1. Entitlement is a killer. What do we actually deserve? Only what we have earned. Many times, that isn’t as much as we think. If we have to rely on what we deserve, most of the time it’s not going to be very good.
2. When making financial decisions, it is good to have wise counsel. Mine was sitting with me at the car dealership. I should have paid attention. I should have listened to her. If I had, we would not have gotten into that issue.
3. Debt can be used as a tool. However, the majority of time it’s to used to purchase things that we should wait and save for. I was in no position to buy a new car. I had no idea what car I really wanted. I had no money for a down payment aside from my truck which I let go of for a steal. I could blame the dealership (and I did for a while), but it wasn’t their fault. I was the one making choices.
4. I haven’t taken a loan out on a car since then. I may never again. Being in debt for something that loses value is risky. I am not saying it’s wrong, but it is not something I particularly enjoy.

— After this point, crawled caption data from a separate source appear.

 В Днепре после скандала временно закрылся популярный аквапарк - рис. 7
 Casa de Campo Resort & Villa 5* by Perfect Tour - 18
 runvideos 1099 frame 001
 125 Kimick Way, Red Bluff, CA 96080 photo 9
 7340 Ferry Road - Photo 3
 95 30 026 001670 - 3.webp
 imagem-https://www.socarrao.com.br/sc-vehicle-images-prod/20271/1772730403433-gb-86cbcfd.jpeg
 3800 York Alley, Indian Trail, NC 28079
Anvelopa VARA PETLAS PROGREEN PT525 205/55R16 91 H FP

5. What we drive doesn’t really matter in the long run. Yes, I like nice things. But, they are things. If it is reliable and gets me from place to place, it fits the category of a good car.
I pray if you’ve had an experience with entitlement, it did not cost you what mine did. In many ways I would not trade this experience. It has shaped the way I view things today. It made me painfully aware that I never want to feel that way again.Thankfully, I learned from my mistakes.